Stored in Blob Storage, Azure Cosmos DB, or Git, depending on environment and tenant.

1️⃣ Stack History

{
  "trace_id": "trace-auth-789",
  "component": "AuthService",
  "environment": "staging",
  "region": "westeurope",
  "stack": "staging-westeurope",
  "last_modified": "2025-05-08T12:00:00Z",
  "resource_count": 6,
  "outputs_hash": "9ad7f3c1..."
}

Used to:

  • Skip unchanged re-renders
  • Compare preview diffs with previous state
  • Enable safe re-runs of pulumi up

2️⃣ Output Map History

{
  "stack": "authservice-staging-weu",
  "outputs": {
    "aks": "aks-stg-auth-01",
    "dns": "auth.stg.connectsoft.io"
  },
  "revision": 3
}

Retained for:

  • Audit logging
  • DevOps injection into pipelines
  • Rollback targeting

3️⃣ Secrets Injection History

{
  "vault_uri": "https://vault-auth-stg.vault.azure.net/",
  "secret_refs": ["AUTH_SECRET", "KUBECONFIG"],
  "mount_strategy": "env"
}

Used to:

  • Detect missing or updated secrets
  • Enforce policy compliance
  • Recreate mount strategies during retry or promotion

4️⃣ Provisioning Logs + Snapshots

File Purpose
provisioning.log Stored with timestamp and trace reference
outputs.json Full resource outputs
stack-diff.json Diff from last run, for drift detection

🗂️ Retention Strategy

Memory Type Retention Duration
Stack outputs & logs 90 days (rotated monthly)
Secrets metadata 30–90 days, depending on policy sensitivity
Provisioning diffs 60 days minimum for audit
Successful ResourcesProvisioned events Archived indefinitely in trace store

🔐 Access Control

  • Write access only by Cloud Provisioner Agent
  • Read access by:

  • DevOps Agent (for output URI injection)

  • Observability Agent (for infra monitoring)
  • HumanOpsAgent (during rollback or review)

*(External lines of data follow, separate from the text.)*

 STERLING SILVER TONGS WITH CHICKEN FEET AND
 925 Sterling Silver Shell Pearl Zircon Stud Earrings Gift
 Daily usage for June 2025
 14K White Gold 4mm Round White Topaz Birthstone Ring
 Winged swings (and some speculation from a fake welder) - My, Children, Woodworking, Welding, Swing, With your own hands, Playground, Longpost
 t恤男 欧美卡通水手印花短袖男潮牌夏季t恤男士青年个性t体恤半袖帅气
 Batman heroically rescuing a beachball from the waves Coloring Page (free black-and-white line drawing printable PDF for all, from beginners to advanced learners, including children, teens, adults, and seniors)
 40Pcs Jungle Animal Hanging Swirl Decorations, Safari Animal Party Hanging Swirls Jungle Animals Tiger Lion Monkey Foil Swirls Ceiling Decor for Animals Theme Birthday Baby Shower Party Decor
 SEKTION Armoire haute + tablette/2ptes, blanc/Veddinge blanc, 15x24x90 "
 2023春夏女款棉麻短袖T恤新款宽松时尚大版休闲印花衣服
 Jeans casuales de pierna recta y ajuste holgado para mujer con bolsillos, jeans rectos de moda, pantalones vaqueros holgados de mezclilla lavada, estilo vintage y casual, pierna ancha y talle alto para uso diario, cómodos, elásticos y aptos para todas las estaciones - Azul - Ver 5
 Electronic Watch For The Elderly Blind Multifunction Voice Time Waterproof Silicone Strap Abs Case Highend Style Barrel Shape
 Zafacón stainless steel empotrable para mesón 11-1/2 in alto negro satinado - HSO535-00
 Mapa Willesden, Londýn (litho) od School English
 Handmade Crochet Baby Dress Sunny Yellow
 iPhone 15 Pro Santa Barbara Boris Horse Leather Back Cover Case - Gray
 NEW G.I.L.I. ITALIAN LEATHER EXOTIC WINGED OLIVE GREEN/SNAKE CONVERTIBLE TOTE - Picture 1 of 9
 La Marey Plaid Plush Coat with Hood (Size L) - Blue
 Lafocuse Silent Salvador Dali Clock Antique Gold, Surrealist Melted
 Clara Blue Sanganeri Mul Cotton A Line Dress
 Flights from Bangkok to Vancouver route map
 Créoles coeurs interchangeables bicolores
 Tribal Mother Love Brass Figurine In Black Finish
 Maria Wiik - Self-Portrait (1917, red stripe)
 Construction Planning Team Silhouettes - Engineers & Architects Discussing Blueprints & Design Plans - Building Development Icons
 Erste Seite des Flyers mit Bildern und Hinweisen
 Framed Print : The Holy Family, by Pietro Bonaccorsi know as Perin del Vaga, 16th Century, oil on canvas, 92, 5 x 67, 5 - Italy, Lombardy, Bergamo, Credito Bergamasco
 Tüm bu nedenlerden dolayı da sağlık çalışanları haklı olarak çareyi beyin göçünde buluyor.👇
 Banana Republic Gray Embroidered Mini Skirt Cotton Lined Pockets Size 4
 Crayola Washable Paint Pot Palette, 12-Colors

All memory objects include:

agent_origin: cloud-provisioner-agent
trace_id: trace-*
execution_id: exec-*

🔁 Replay Support (Future)

Memory structure enables:

  • Provisioning replay with previous parameters
  • Promotion-aware copy-to-environment (e.g., staging → prod)
  • Drift-aware re-run with preview diff and policy check

🧠 Summary

The Cloud Provisioner Agent’s memory system supports:

  • 🔁 Safe, idempotent infrastructure provisioning
  • 📎 Trace-aware state retention for audits
  • 🔍 Preview diff validation and rollback planning
  • 📦 Secret history and vault injection tracking

This memory architecture makes cloud provisioning reproducible, compliant, and auditable by design.


🎯 Validation

Before any infrastructure is provisioned, the Cloud Provisioner Agent performs multi-layer validation to ensure:

  • 🧱 Pulumi stack correctness
  • 🔐 Secrets integrity and policy compliance
  • 🧭 Region constraints and resource quota awareness
  • 📛 Proper naming, tagging, and trace metadata
  • 🛰️ Safe preview of changes with user or orchestrator confirmation

Validation protects cloud environments from drift, misconfiguration, overprovisioning, and policy violations.


✅ Validation Stages

1️⃣ Stack Structure Validation

Check Tool/Logic
Pulumi file completeness All required files: Pulumi.yaml, stack file, logic file
YAML schema validity Linter or custom validator (YAML + JSON schemas)
Supported resource types Only whitelisted modules and cloud providers

2️⃣ Naming & Tagging Enforcement

Check Enforcement Rule
Resource names Must conform to naming.yaml pattern (e.g., {prefix}-{env}-{region}-{component})
Max length Enforced per Azure/GCP/AWS limits (e.g., AKS cluster ≤ 63 chars)
Required tags Must include trace_id, blueprint_id, environment, agent_origin
Forbidden patterns No capital letters, underscores, or reserved suffixes

3️⃣ Secrets Validation

Check Enforcement
vault_ref exists Must map to declared vault secret in overlay or policy
mount_strategy valid Must be env, volume, or vault-agent-sidecar
No plaintext secrets All secrets must resolve to secure mount or Pulumi config secret
SecretsProvider setup Pulumi stack must declare a secrets provider if secrets used

4️⃣ Region & Resource Constraints

Constraint Rule
Region availability Must exist in cloud-region-map.yaml
Resource quota (planned) Soft-check via Azure Resource Graph or Terraform provider
Failover support replication-strategy.yaml must match resource plan (e.g., blob = geo-redundant)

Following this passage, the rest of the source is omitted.